Nepal's Export Growth Masks Structural Weakness: Deep Dive into Trade Dependence on Imported Raw Materials
Nepal's foreign trade statistics for the first eleven months of the current fiscal year 2082/83 (mid-July to mid-June) paint a complex picture, revealing both growth in exports and a persistent, underlying structural weakness. While the latest data from the Department of Customs indicates a commendable 12.27% increase in total merchandise exports, reaching NPR 277.96 billion compared to NPR 247.57 billion in the same period last year, this positive trend is overshadowed by a burgeoning trade deficit and a heavy reliance on imported raw materials for a significant portion of these exports.
The overall trade landscape shows a substantial 15.15% rise in total imports, which soared to NPR 1,894.09 billion. Consequently, the trade deficit expanded by 15.66%, hitting a staggering NPR 1,616.13 billion. This imbalance is starkly evident in the composition of Nepal's foreign trade: imports account for a dominant 87.20%, while exports contribute a mere 12.79%. This translates to an import-export ratio of 6.81, meaning for every single rupee Nepal earns from exports, it spends NPR 6.81 on imports. Such a ratio highlights the urgent need for strategic interventions to foster genuine domestic production and reduce import dependency.
A closer examination of Nepal's export basket reveals a critical vulnerability: a substantial portion of its "exports" are not based on indigenous production but rather on the re-export of goods processed from imported raw materials. The top ten export categories for the period underscore this reality. Soybean oil leads the list with NPR 11.31 billion in exports, followed by cardamom (NPR 1.20 billion), woolen carpets (NPR 938.1 million), processed sunflower oil (NPR 799.3 million), palmolein oil (NPR 614 million), jute woven fabrics (NPR 578.4 million), felt items (NPR 504.4 million), polyester staple fiber yarn (NPR 460.8 million), mixed fruit juice (NPR 441.9 million), and polyester single yarn (NPR 439.1 million).
The combined exports of soybean oil, sunflower oil, and palmolein oil alone amount to nearly NPR 25 billion. These edible oils are not produced from local crops; instead, Nepal imports crude oils from countries like Argentina, Brazil, Ukraine, Malaysia, and Indonesia. Local refineries then process, refine, and package these oils, leveraging the zero-tariff policy under the South Asian Free Trade Area (SAFTA) agreement to re-export them primarily to the Indian market. This process, while generating some industrial activity and employment, adds minimal value within Nepal.
Similarly, the polyester yarns featuring in the top ten exports rely entirely on imported polyester staple fiber, which is not manufactured domestically. This fiber is sourced mainly from China, India, and Indonesia, then spun into yarn by Nepali textile mills and re-exported to India, Turkey, and some European countries. The jute industry also follows a similar pattern, importing raw jute from Bangladesh and India to produce twine, sacks, and woven fabrics, with a significant portion (NPR 578.4 million) re-exported to India. Even fruit juices, with exports totaling NPR 441.9 million, involve importing concentrates from India, China, and other countries, which are then mixed with local water and sugar, packaged, and sent to neighboring markets. Beyond the top ten, products like corrugated iron sheets and steel rebars, crucial for construction, are also largely dependent on 100% imported MS billets and HR sheets from India, processed, and then re-exported to India's northeastern states.
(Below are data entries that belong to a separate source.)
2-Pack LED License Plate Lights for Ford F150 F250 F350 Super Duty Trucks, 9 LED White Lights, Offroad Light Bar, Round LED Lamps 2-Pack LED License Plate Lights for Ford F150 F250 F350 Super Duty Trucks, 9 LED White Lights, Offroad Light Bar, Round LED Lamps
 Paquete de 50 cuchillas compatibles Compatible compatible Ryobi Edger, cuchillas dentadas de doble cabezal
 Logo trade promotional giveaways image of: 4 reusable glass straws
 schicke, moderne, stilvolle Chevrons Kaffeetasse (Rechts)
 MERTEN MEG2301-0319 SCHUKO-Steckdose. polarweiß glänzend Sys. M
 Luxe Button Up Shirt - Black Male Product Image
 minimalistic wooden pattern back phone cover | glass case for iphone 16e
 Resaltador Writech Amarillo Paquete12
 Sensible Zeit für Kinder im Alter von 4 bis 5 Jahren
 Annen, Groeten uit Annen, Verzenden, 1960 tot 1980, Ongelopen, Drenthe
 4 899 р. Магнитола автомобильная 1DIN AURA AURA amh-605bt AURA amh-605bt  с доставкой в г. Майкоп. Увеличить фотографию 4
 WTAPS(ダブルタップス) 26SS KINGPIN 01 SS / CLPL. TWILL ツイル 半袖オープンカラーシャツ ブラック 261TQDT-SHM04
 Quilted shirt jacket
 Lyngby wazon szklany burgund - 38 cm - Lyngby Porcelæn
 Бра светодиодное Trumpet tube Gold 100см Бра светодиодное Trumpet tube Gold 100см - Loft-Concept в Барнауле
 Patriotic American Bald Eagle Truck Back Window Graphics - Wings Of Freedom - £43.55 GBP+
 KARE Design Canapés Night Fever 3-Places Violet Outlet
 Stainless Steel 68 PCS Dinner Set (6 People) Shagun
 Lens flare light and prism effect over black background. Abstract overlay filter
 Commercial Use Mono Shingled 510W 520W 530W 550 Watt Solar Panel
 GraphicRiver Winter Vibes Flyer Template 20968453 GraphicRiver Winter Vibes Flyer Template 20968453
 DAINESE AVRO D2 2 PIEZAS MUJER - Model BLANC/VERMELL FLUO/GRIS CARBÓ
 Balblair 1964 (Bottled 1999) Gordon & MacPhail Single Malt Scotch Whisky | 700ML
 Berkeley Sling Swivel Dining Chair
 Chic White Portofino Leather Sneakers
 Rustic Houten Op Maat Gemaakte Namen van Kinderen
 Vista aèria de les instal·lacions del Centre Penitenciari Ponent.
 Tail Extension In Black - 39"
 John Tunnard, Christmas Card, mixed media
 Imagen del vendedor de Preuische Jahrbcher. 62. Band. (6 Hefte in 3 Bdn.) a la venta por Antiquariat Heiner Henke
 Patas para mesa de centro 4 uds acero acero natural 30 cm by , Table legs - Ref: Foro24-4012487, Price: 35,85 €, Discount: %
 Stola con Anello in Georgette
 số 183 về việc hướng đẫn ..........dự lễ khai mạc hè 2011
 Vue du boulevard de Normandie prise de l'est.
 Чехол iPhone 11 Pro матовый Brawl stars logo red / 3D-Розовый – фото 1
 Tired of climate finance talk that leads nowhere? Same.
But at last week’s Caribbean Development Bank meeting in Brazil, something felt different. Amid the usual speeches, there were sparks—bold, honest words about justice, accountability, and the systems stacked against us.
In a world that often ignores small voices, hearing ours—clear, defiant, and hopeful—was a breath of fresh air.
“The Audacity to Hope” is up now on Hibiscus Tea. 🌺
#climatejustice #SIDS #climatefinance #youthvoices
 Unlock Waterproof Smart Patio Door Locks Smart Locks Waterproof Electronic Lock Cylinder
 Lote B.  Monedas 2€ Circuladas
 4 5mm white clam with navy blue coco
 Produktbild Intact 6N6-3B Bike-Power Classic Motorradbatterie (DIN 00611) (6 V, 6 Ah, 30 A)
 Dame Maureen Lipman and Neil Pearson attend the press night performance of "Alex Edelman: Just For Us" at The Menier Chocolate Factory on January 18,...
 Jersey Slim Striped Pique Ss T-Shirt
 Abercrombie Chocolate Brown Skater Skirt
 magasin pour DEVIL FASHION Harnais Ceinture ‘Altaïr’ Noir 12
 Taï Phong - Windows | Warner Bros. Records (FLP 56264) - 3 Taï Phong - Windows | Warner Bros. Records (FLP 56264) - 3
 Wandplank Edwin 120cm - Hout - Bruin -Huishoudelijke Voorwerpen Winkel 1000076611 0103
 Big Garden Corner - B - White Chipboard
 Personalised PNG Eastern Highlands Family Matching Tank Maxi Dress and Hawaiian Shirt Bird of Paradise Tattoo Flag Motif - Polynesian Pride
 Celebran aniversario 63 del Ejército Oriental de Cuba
While these re-export activities contribute to industrial employment and some economic activity, their sustainability is questionable. The complete reliance on external markets for raw materials makes these sectors highly vulnerable to policy shifts, tariff changes, or supply chain disruptions in neighboring countries. The value addition within Nepal is often marginal, and the foreign exchange earnings are significantly offset by the cost of raw material imports.
In stark contrast, genuinely indigenous products like Nepali cardamom and handmade woolen carpets represent true, sustainable foreign exchange earners. These products are rooted in local labor, resources, and traditional craftsmanship, bringing substantial value addition and directly contributing to the national economy without significant import dependency.
The overall trade picture for the first eleven months of the fiscal year underscores a critical imperative for Nepal: to achieve long-term trade balance, it must gradually reduce its reliance on re-exported goods like processed vegetable oils. Instead, the focus must shift towards prioritizing high value-added domestic agricultural products, promoting unique traditional handicrafts, and fostering industries that utilize local resources. Until such a strategic pivot occurs, bridging the vast trade deficit and building a resilient, self-reliant economy will remain an uphill battle.